It depends where you draw the distinction.

The difference between rhetoric and reality in conservative ideology -- rhetoric = a policy will help the most people; reality = a policy will help the right people. As a broad generalization (and mind you, I'm not saying it's an overly broad generalization -- it's accurate, as far as generalizations go): Progressive ideas are supposed to do the former, and conservative ideas are supposed to do the latter -- fundamentally. The Big Lie in this regard -- one espoused along many points on the political spectrum from deep conservatism to even left of center moderates -- is that conservative ideas are also meant to do the former. See Obama's common refrain, paraphrased: Both sides want the same thing, we just disagree on how to get there. That's a lie -- conservative policy is not intended to help the most people, it is intended to help the right people, period. Which in theoretical 'moderate' conservative terms means for example opposition to the welfare apparatus, with an economic loser class that by and large 'deserves' what it gets through the meritocracy of a free and fair economic system, but in our real world where 'moderate' conservatives are few and far between, often means much much worse.

So when I say 'true believer' I'm talking about that particular lie -- which is a deliberate obfuscation of the purpose of policy, the intended outcomes, not just the unintended outcomes. There really aren't very many, and it's more than fair (like you say, charitable) to call any who do believe 'naive'.

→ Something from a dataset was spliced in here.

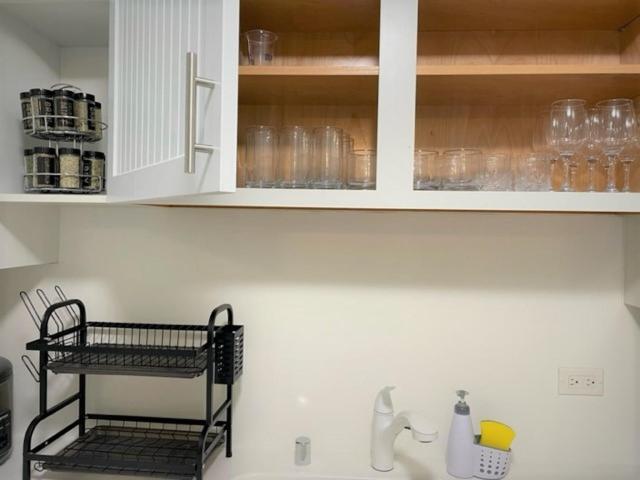 Waikiki 2 Bedrooms 2 Bathrooms With 1 Free Parking Space Apartamento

Whereas in your distinction -- at least as far as I'm reading it, and it's a valid one, just not the one I was referring to -- there's the 'true believers' in that actual purpose, that the policy will genuinely help the right people, vs. those who truly do not care about even that as long as they themselves are enriched, empowered, etc. Now I think there are definitely more True Believers in that sense, and I get why you and I as Americans wouldn't have a complete handle on an absolute nobody like Liz Truss quite yet. Which is why we must learn from our fellow boarders in the UK. If I had to lay a wager down right now though, it would be on this being a smash-and-grab as opposed to earnest but misguided ideologues.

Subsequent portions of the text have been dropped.